Whoever you are, maybe you’re thinking something like, “1 in 6?! Come on, how can that be?” or even “That can’t be true!” Again, if so, you’re not alone. Those are common responses to this statistic, which many people find hard to believe – including men who’ve had such experiences themselves.
This brief section is basically saying, “Yes, it’s hard to believe, but there’s strong scientific evidence.”
Please note: Researchers use ‘sexual abuse’ to describe experiences in which children are subjected to unwanted sexual contact involving force, threats, or a large age difference between the child and the other person (which involves a big power differential and exploitation). See Child Abuse Statistics for a detailed discussion of definitions and research methods, and see below on why some studies yield lower estimates than 1 in 6 (e.g., large national surveys using telephone interviews that ask few questions).
Having such an experience does not necessarily mean a boy will suffer significant long-term negative consequences. That depends on several factors, including how many times it happened, how long it went on, who else was involved, whether the boy told anyone and, if so, the response he received. (See Consequences of Abuse.)
A 2005 study conducted by the U.S. Centers for Disease Control, on San Diego Kaiser Permanente HMO members, reported that 16% of males were sexually abused by the age of 18 (Dube et al., 2005).
A 2003 national study of U.S. adults reported that 14.2% of men were sexually abused before the age of 18 (Briere & Elliot, 2003).
A 1998 study reviewing research on male childhood sexual abuse concluded that the problems is “common, under-reported, under-recognized, and under-treated” (Holmes & Slap, 1998).
A 1996 study of male university students in the Boston area reported that 18% of men were sexually abused before the age of 16 (Lisak, Hopper & Song, 1996).
A 1990 national study of U.S. adults reported that 16% of men were sexually abused before the age of 18 (Finkelhor et al., 1990).
Why 1 in 6 Is Probably an Underestimate
Males who have such experiences are less likely to disclose them than are females, even on anonymous and confidential surveys (Holmes, Offen & Waller, 1997).
Only 16% of men with documented histories of sexual abuse (by social service agencies, which means it was very serious) considered themselves to have been sexually abused, compared to 64% of women with documented histories in the same study (Widom & Morris, 1997).
Think About It, and Consider Educating Others
In summary, the 1 in 6 statistic is supported by solid scientific research, including a study conducted by the U.S. Centers for Disease Control, and is likely an underestimate of the actual prevalence. Yet few people are aware that there are just as many men who experienced sexual abuse as children as there are who develop prostate cancer, the most common cancer and second leading cause of death among men. And few know that the 19 million men with histories of childhood sexual abuse are more than 4 times the number with heart disease, the leading cause of death among men.
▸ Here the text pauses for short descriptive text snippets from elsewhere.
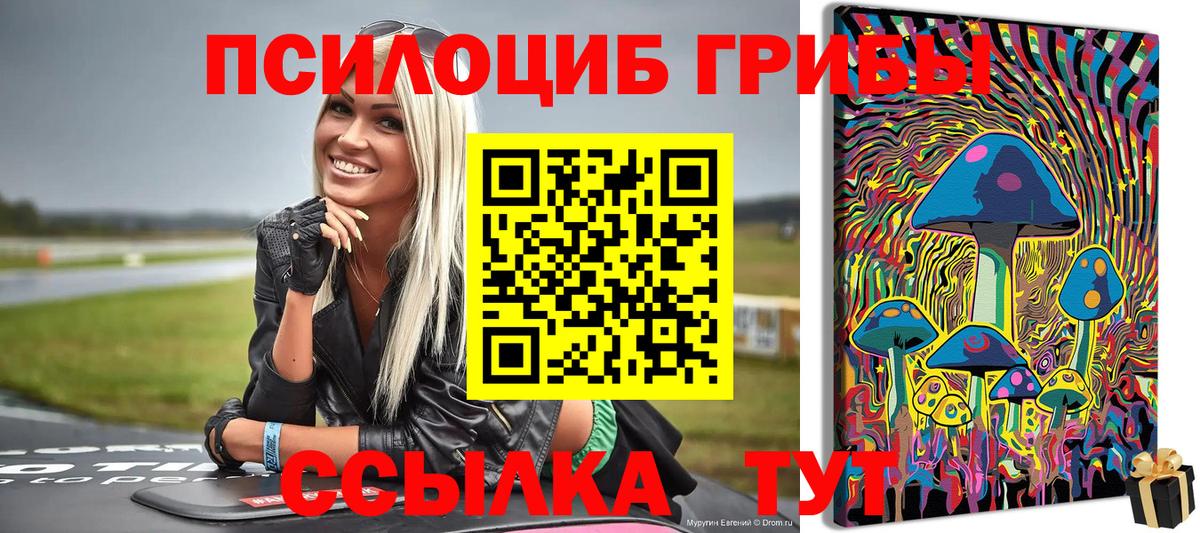 Псилоцибиновые грибы GOLDEN TEACHER  Вход с VPN  Дальнереченск 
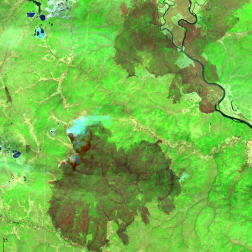 Природные пожары в Амурской области, 19.05.2026, по данным спутника Landsat-9 (USGS). Изображение получено с помощью информационной системы «ВЕГА-Science» (ИКИ РАН)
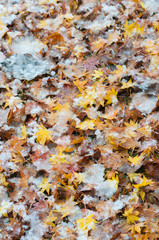 Autumn leaves and snow
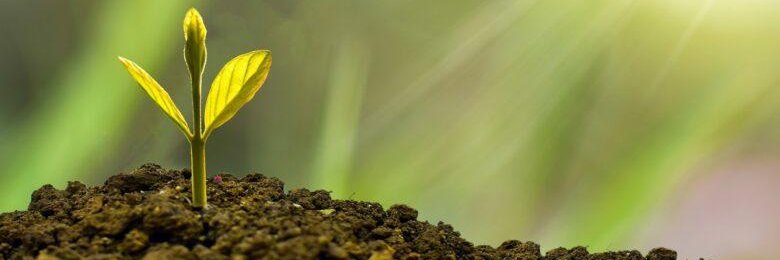Efe__Esat's profile banner image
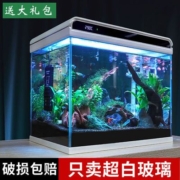 森森超白玻璃小鱼缸客厅 小型桌面家用水族箱 生态免换水造景缸
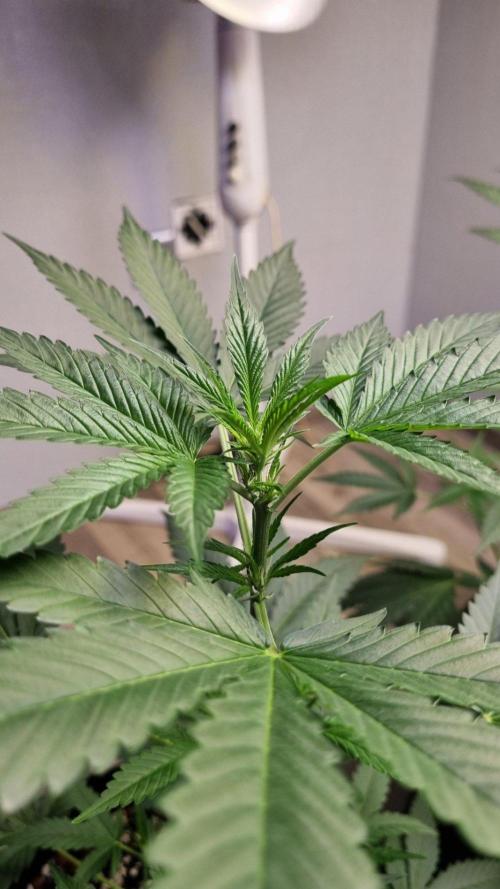GoodGenetix Permanent-G Automatic. Week 6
Please consider helping to educate others by letting them know about this page (or this page I wrote for 1in6, The 1 in 6 Statistic).
Briere, J. & Elliot, D.M. (2003). Prevalence and psychological sequelae of self-reported childhood physical and sexual abuse in a general population sample of men and women. Child Abuse & Neglect, 27, 1205-1222.
Dube, S.R., Anda, R.F., Whitfield, C.L., et al. (2005). Long-term consequences of childhood sexual abuse by gender of victim. American Journal of Preventive Medicine, 28, 430-438.
Finkelhor, D., Hotaling, G., Lewis, I. A., & Smith, C. (1990). Sexual abuse in a national survey of adult men and women: Prevalence, characteristics, and risk factors. Child Abuse & Neglect, 14, 19-28.
Holmes, G.R., Offen, L., & Waller, G. (1997). See no evil, hear no evil, speak no evil: Why do relatively few male victims of childhood sexual abuse receive help for abuse-related issues in adulthood? Clinical Psychology Review, 17, 69-88.
Holmes, W.C., & Slap, G.B. (1998). Sexual abuse of boys: Definition, prevalence, correlates, sequelae, and management. Journal of the American Medical Association (JAMA), 280, 1855-1862.
Lisak, D., Hopper, J. & Song, P. (1996). Factors in the cycle of violence: Gender rigidity and emotional constriction. Journal of Traumatic Stress, 9, 721-743.
Widom, C.S. & Morris, S. (1997). Accuracy of adult recollections of childhood victimization part 2. Childhood sexual abuse. Psychological Assessment, 9, 34-46.
Details on Prevalence Research
This section is for those who want to understand how different research methods yield different prevalence statistics for the sexual abuse of boys.
I discuss in-depth the research up to 1996, when I conducted a comprehensive review for my masters thesis. (After that I became focused on all kinds of abuse and assault, and how to help people heal and seek justice.) Yes, 1996 is a long time ago, but the research methodology issues haven’t changed since then.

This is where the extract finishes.